Tocqueville Alexis De, French political thinker, historian and statesman, was born in Verneil, France, to an aristocratic family that had narrowly escaped the guillotine during the French revolution.  He could trace his lineage back to the Normans who fought at the Battle of Hastings.

Tocqueville Alexis De was a leading abolitionist during the July Monarchy (1830-1848) of King Louis-Philippe. He is widely known for his classic study of the culture and politics of the United States, Democracy in America (1835-1840) the first analysis of American government written by a foreigner.

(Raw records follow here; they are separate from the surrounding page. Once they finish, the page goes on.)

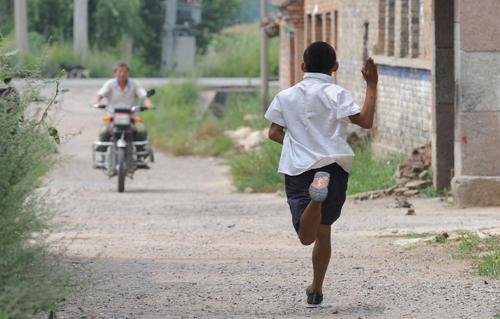 有人说单身汉越来越多，到底多少岁未婚称为单身汉？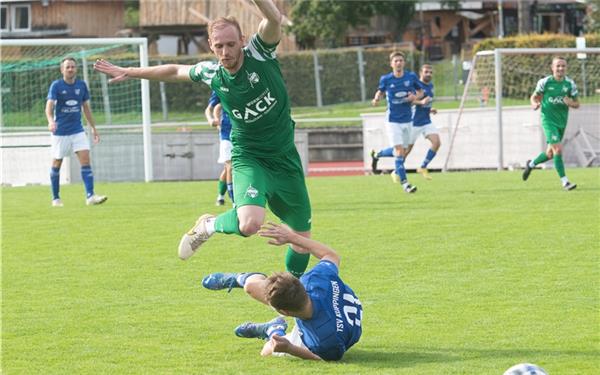 Marcel Sigloch (oben) nimmt in der kommenden Spielrunde die „nächsten Spielerhürden“ in der Landesliga. GB-Foto: Schmidt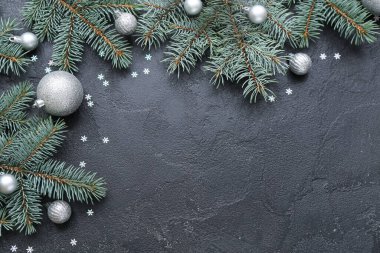 Siyah arka planda topları ve konfetisi olan Noel ağacı dalları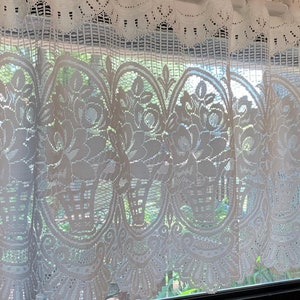 3037 C Ornate White Lace Short Curtain, 58 x 20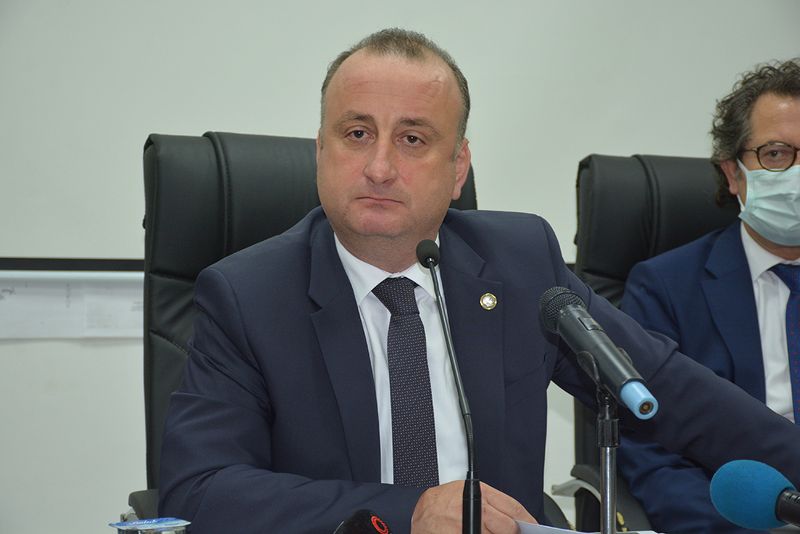 BAŞKAN AYHAN :” SİNOP BELEDİYESİ’Nİ İTİBARSIZLAŞTIRMAK İÇİN BENİM, ÇALIŞMA ARKADAŞLARIM HEDEF ALINDI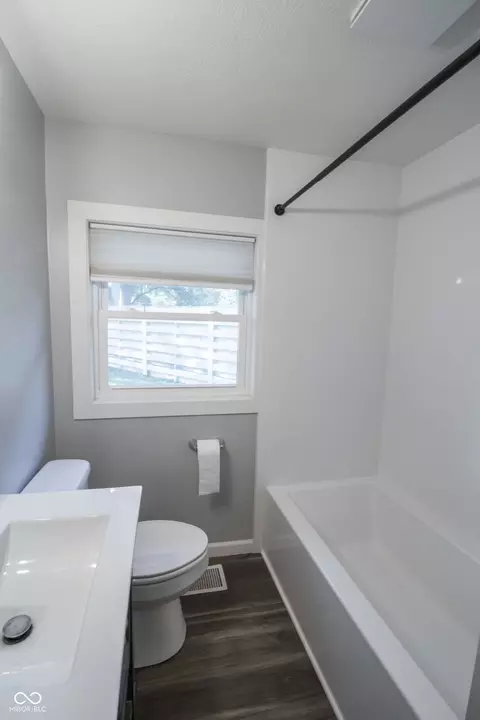 Bath - 8243 E 48th St, Lawrence, IN 46226 photo 1 of 3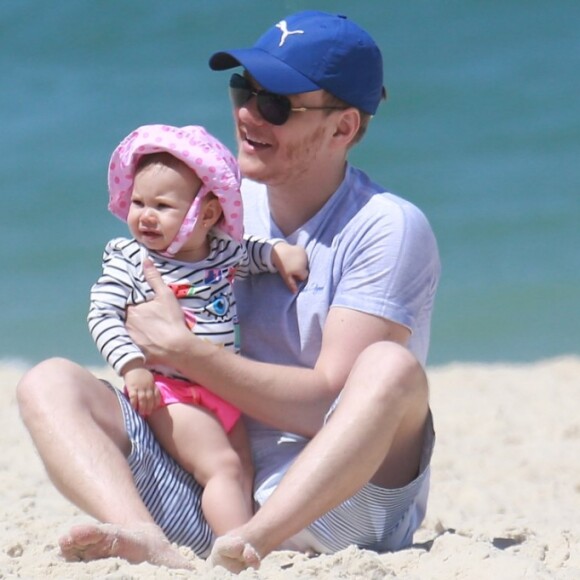 Michel Teló foi fotografado na praia com a filha, Melinda, de 1 ano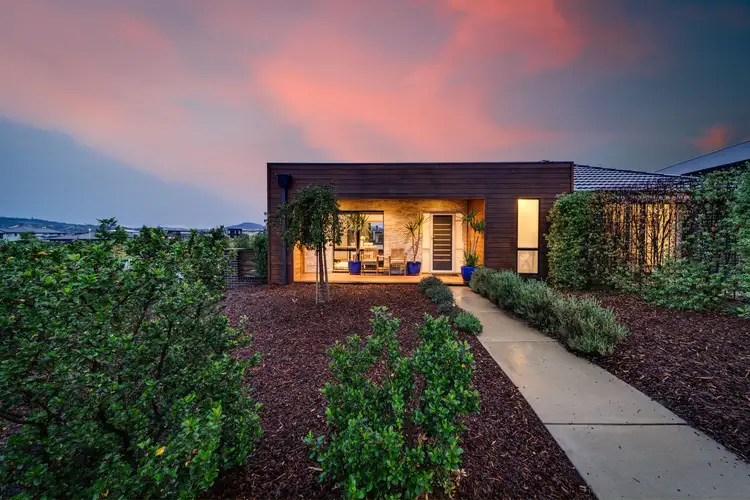 17 Dot Butler Street, Wright ACT 2611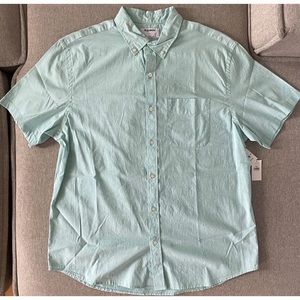 Old Navy Men’s Built-in Flex Short Sleeve Button Down Shirt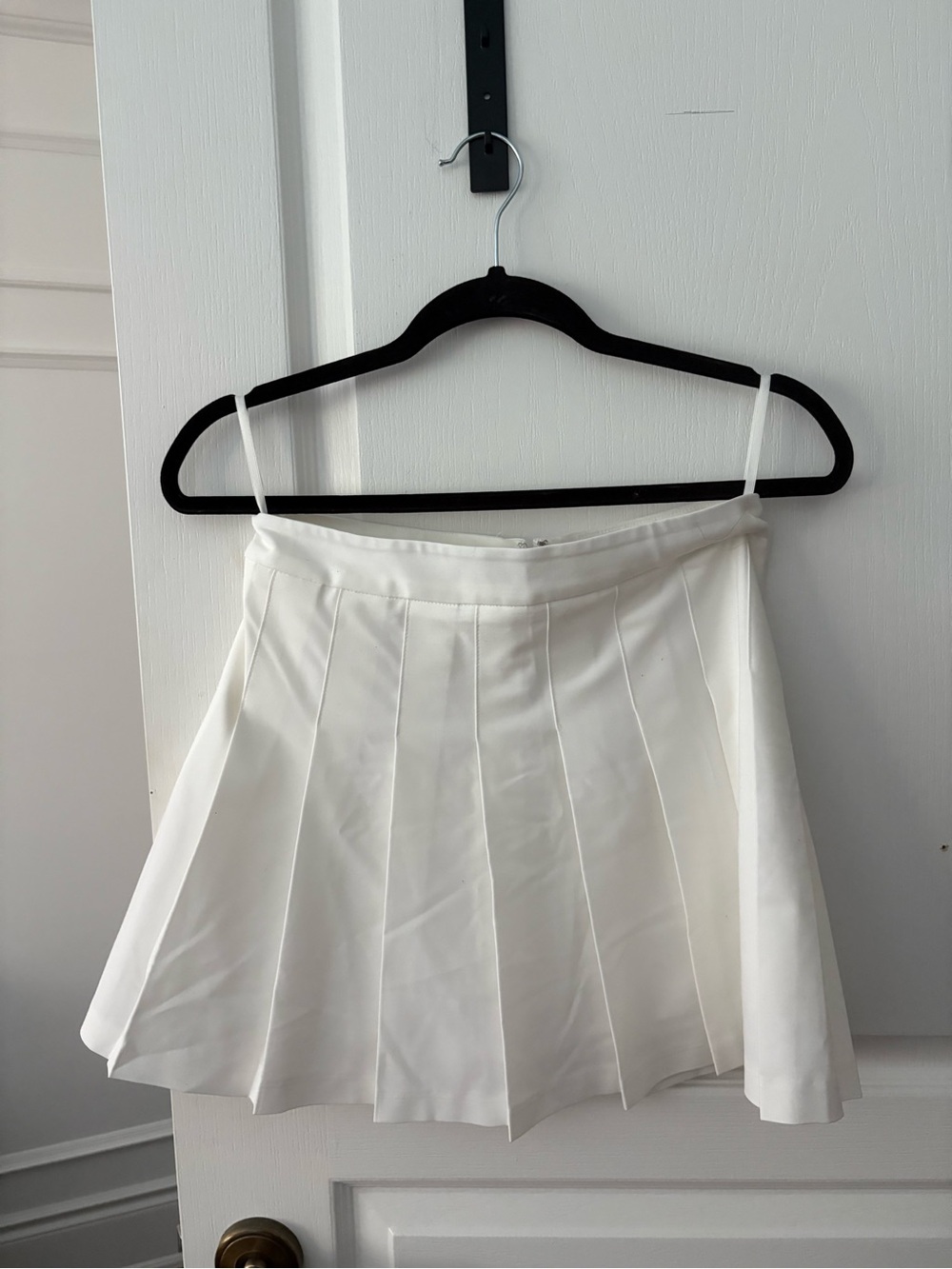 Aritzia White Pleated Skater Mini Skirt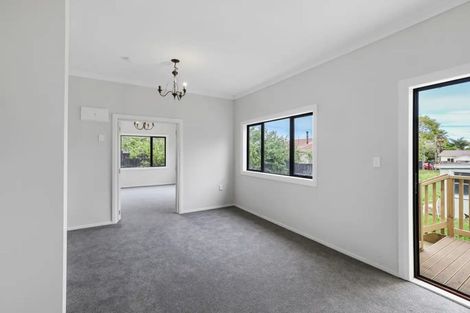 Photo of property in 5 Waiari Road, Conifer Grove, Takanini, 2112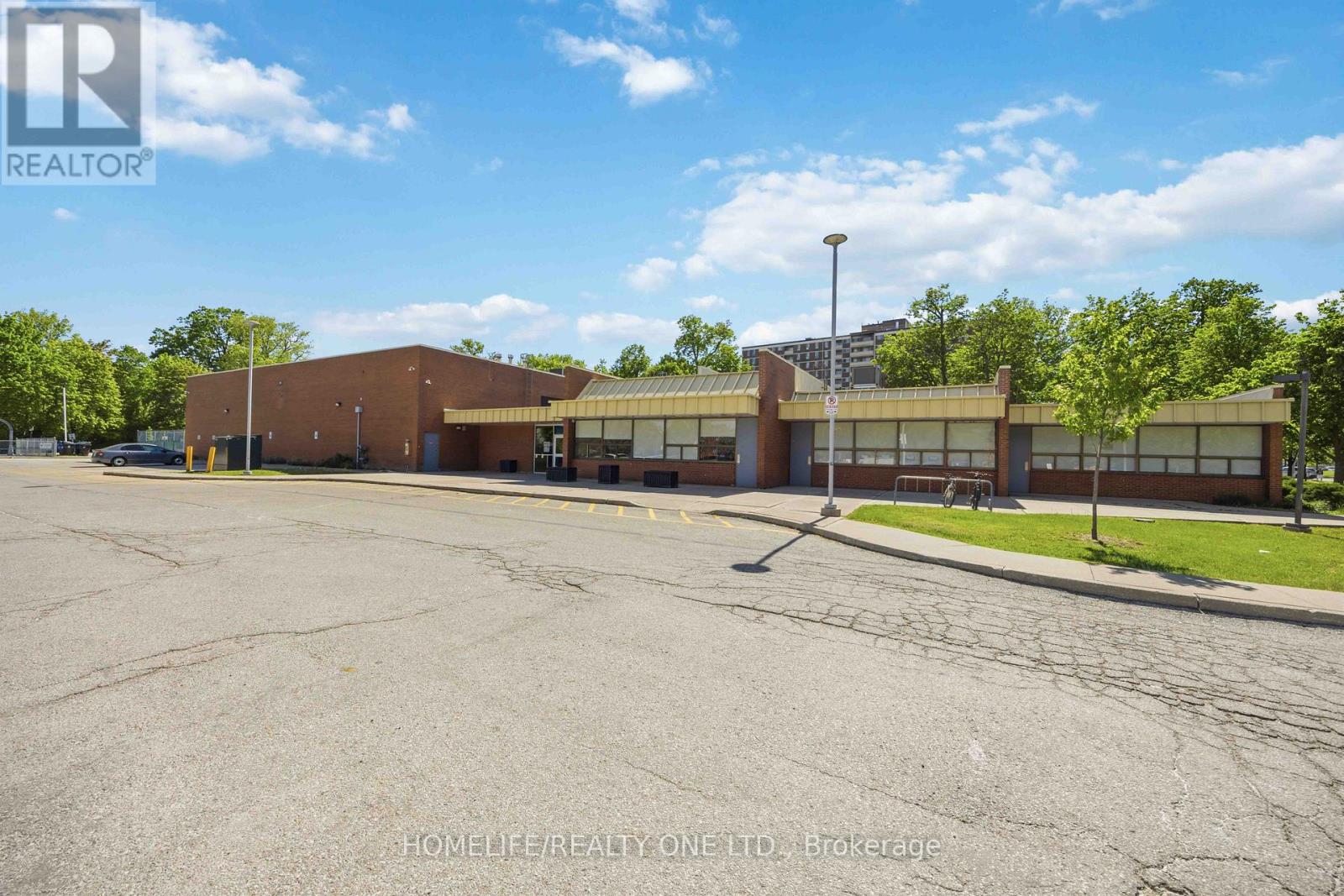 40 WHEATSHEAF CRESCENT - 32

He studied law in Paris and served briefly as a junior magistrate at Versailles. In 1831 he accepted a commission to travel to the United States ostensibly to study the American penal system.

Throughout these travels, Tocqueville took extensive notes and observations that he would use later in his writing.

Tocqueville served in France’s Chamber of Deputies from 1839 to 1851 where he advocated government decentralization and the establishment of an independent judiciary.

He served as a foreign minister under Louis Napoleon Bonaparte for five months in 1849.

He spent his last year writing a massive history of France designed to return the French to the ideas of liberty and equality that were the core of the French Revolution.

From 1850 to 1851 he wrote Reflections of the Revolution of 1848. He completed the first volume, The Old Regime and the French Revolution (1856), before succumbing to tuberculosis in 1859.